● **Aim of the task**:
Look below for the line containing "photo de l'annonce I-3523247 Maison / Villa"; from there, print each line exactly up to and including the line containing "Sieger senior medium 3 kg", and stop.

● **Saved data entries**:
::::
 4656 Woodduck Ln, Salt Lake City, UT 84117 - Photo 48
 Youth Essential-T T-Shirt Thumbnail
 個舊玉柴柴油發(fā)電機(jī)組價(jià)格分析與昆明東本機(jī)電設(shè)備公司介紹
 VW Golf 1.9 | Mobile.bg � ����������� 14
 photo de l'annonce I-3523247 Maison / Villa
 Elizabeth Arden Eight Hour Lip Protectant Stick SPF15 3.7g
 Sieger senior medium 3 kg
::::
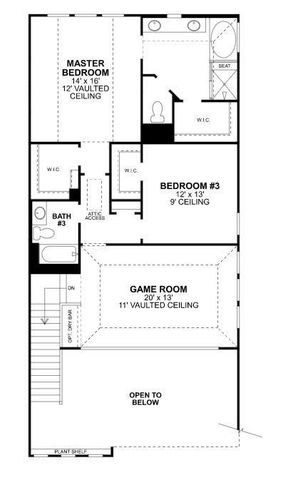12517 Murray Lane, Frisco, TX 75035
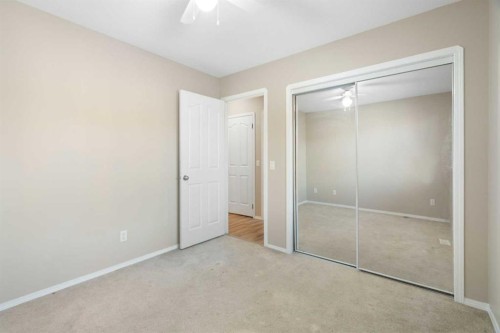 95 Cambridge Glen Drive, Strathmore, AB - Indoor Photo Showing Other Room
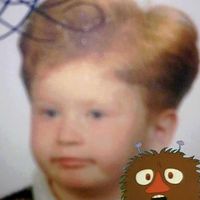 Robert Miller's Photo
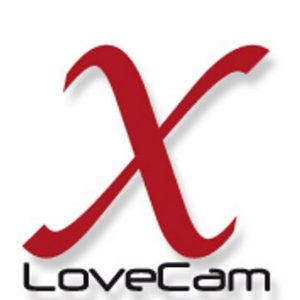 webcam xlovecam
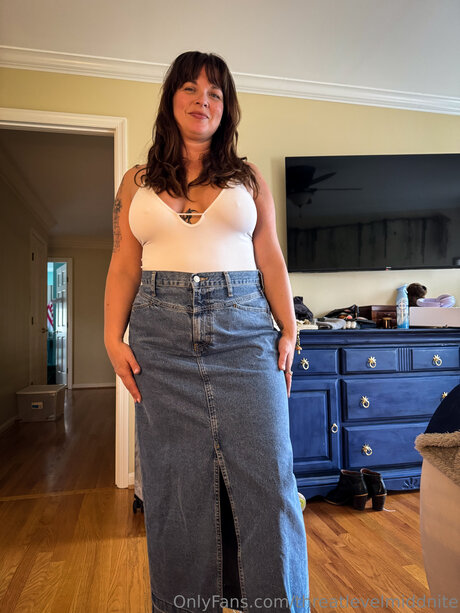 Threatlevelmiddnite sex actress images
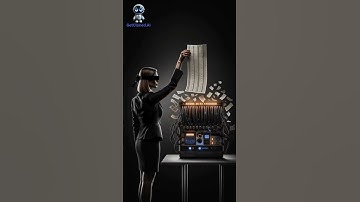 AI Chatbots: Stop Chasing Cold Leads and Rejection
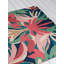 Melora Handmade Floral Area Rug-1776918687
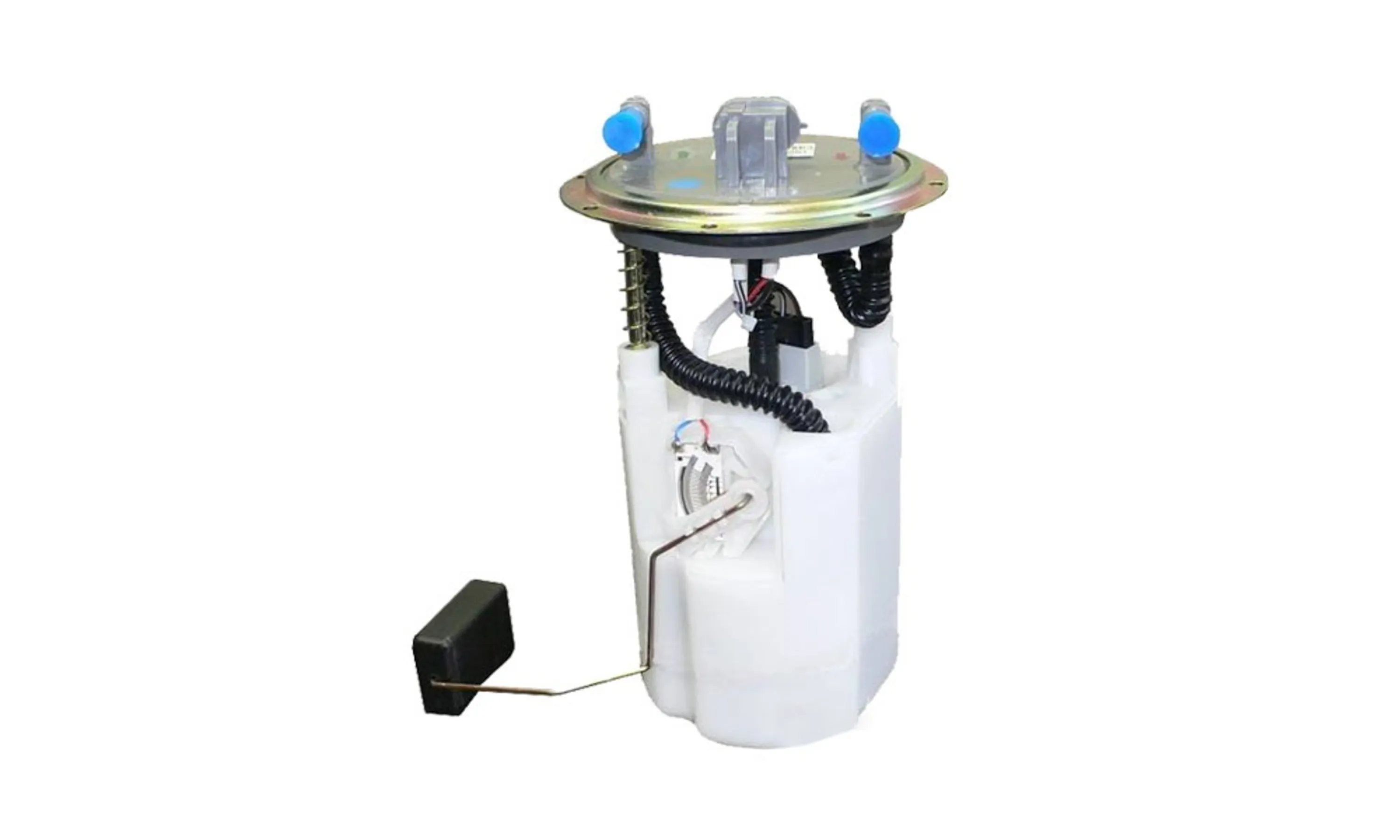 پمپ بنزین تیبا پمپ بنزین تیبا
::::
● **Result of this exercise**:
 photo de l'annonce I-3523247 Maison / Villa
 Elizabeth Arden Eight Hour Lip Protectant Stick SPF15 3.7g
 Sieger senior medium 3 kg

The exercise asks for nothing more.